Directions:
Retype the material exactly, ending with the line containing "hanya (honkai and 1 more)".

BEGIN

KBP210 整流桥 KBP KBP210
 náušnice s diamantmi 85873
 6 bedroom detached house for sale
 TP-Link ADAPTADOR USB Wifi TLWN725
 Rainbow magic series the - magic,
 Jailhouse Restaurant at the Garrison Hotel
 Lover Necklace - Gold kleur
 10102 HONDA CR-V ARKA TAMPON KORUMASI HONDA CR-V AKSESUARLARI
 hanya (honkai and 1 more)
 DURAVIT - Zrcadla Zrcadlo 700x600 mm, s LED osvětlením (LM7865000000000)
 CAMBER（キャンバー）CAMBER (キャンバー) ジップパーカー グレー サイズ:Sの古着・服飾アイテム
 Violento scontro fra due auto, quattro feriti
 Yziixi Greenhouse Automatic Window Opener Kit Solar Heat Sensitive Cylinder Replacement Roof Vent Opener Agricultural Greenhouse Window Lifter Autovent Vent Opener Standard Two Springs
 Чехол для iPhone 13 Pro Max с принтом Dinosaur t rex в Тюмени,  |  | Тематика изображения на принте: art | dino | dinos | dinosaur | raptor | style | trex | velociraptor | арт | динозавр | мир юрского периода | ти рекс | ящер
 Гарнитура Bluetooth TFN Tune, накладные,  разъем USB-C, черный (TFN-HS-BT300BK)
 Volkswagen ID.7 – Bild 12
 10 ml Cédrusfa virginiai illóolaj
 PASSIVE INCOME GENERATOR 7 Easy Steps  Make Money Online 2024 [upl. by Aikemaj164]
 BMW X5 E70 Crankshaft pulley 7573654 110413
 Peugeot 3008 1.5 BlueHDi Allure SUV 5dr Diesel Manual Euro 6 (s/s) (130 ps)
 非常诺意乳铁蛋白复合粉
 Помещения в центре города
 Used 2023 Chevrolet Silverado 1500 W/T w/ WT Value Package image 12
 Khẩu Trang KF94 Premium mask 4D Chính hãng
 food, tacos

END

Worked solution:
KBP210 整流桥 KBP KBP210
 náušnice s diamantmi 85873
 6 bedroom detached house for sale
 TP-Link ADAPTADOR USB Wifi TLWN725
 Rainbow magic series the - magic,
 Jailhouse Restaurant at the Garrison Hotel
 Lover Necklace - Gold kleur
 10102 HONDA CR-V ARKA TAMPON KORUMASI HONDA CR-V AKSESUARLARI
 hanya (honkai and 1 more)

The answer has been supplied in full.